## Instructions to follow
Retype only the lines below from the one with "One glass jar" to the one with "Family of four", inclusive, skipping every image.

## Given entries
━━━━━━━━━━━━━━━━━━━━

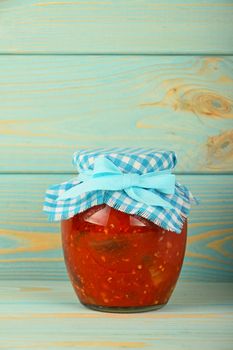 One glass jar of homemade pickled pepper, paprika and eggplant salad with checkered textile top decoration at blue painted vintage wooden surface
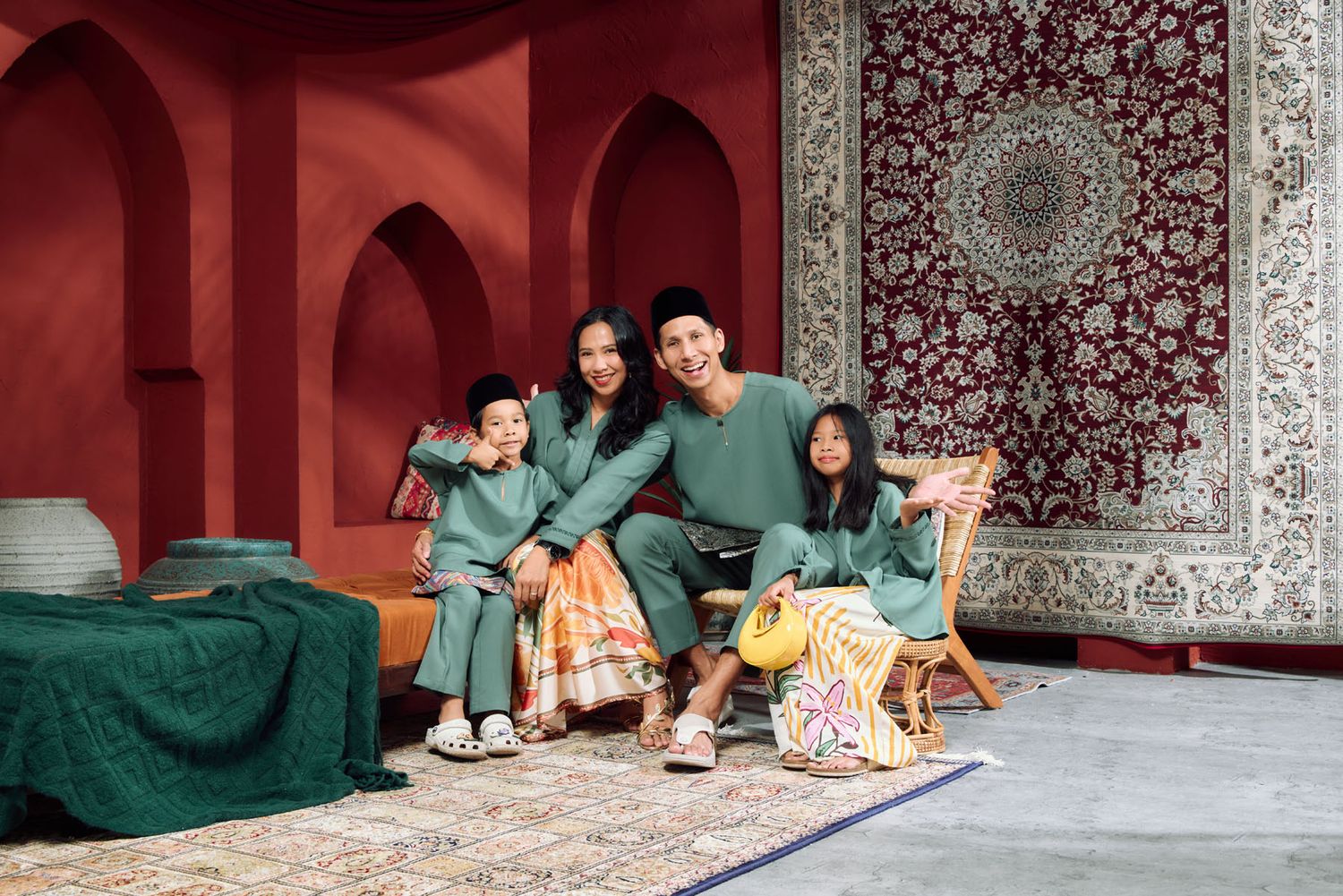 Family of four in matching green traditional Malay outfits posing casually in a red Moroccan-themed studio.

━━━━━━━━━━━━━━━━━━━━

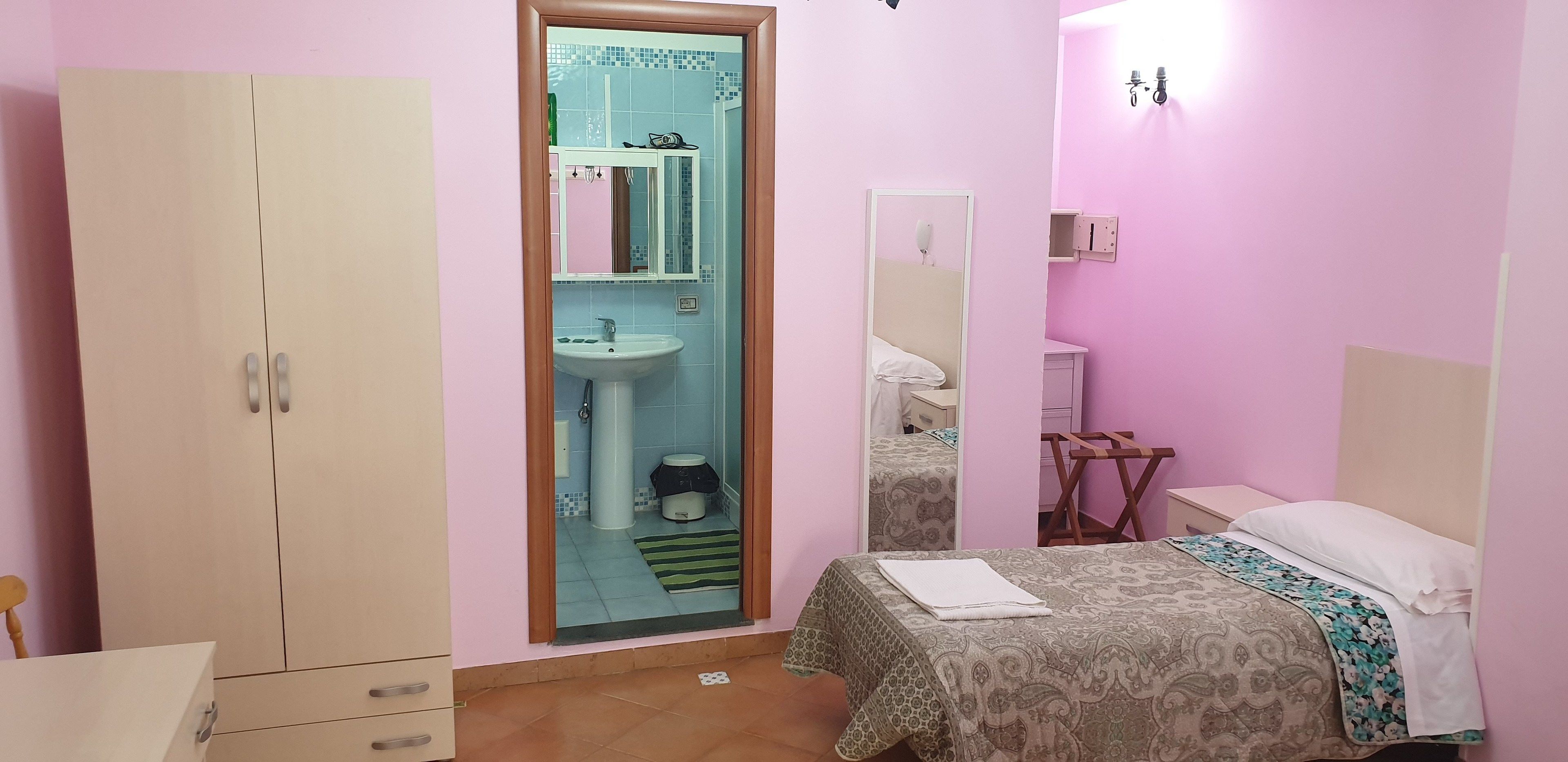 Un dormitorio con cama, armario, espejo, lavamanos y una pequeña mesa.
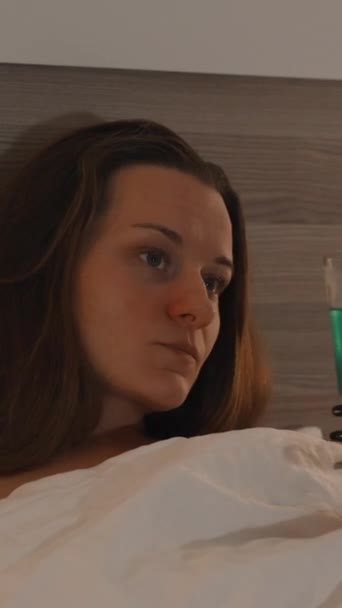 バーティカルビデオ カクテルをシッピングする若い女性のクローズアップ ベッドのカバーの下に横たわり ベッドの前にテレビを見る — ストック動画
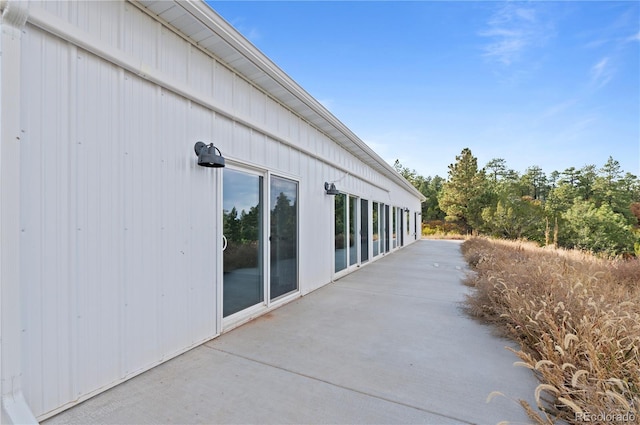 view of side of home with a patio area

━━━━━━━━━━━━━━━━━━━━

## The completed task
 One glass jar of homemade pickled pepper, paprika and eggplant salad with checkered textile top decoration at blue painted vintage wooden surface
 Family of four in matching green traditional Malay outfits posing casually in a red Moroccan-themed studio.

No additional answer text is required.